Agricultural colleges are often overlooked and neglected by our education Departments. It would be helpful if DEFRA would work more closely with the Department for Education to see how we can promote agricultural colleges and a career in agriculture as a really worthwhile career. That career will be higher skilled because of agritech and everything that has already been mentioned.
That is an absolutely pertinent intervention. Yesterday, I was at the launch of a new system from TIAH—the Institute for Agriculture and Horticulture—which links up all the education systems to make sure we have a continuous education process all the way through agriculture, so that young people can build a career in the industry. Education is always the answer to everything. We referred to the agritech sector; if ever there were a moment in history when we needed the brightest and most aspirational people to come into agriculture and food production, now is that moment. They need to see that career path and we need to make sure it is easy to get on and engage with.
We have had a fascinating and interesting debate. I can tell the pride this afternoon among colleagues from Sussex. They should be enormously proud of the achievements of their farmers. There are huge challenges facing them, but the Government will be there to assist them on the journey to make sure they continue to keep the people of not only Eastbourne but the whole United Kingdom fed. We will improve our biosecurity to make sure avian flu is limited. We will also improve our environmental output and make sure we improve the amount of wildlife we see in Sussex, as well as producing large amounts of food to keep us all well fed.
I thank the Minister for his remarks.

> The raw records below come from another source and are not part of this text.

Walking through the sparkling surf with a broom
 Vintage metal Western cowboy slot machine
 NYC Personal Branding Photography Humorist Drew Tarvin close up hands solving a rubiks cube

As an educator, I concur with him that education is all things. There is a real role for colleges such as Plumpton in our area to really underpin and pump-prime this sector. That applies to every part of the sector, too.
I wonder whether there is also something to be considered around our holiday activity food programmes and how we might open up a farm experience to children. Last summer, they hit the water; it would be great for them to understand rather more about food and its provenance. West Rise Community Infant School in Eastbourne has its own farm shop. The children keep their own animals and understand the process all the way through. That can only be a good and important thing. I should also mention my one vineyard—one—in Eastbourne: Compton Combe is great in ambition but stands alone. I can see it from my mum’s house. It is small in scale but big in ambition.
We have heard today about the high value in which we hold our farmers, not least for all that we need them to take forward by way of safeguarding and protecting our natural environment, which is our No. 1 asset. I look forward to taking up some of the other points raised in the debate, particularly in respect of those SHINE features, in conversations to come, for which I hope to find the Minister still in his place—or perhaps higher.
Question put and agreed to.
Resolved,
That this House has considered agriculture in Sussex.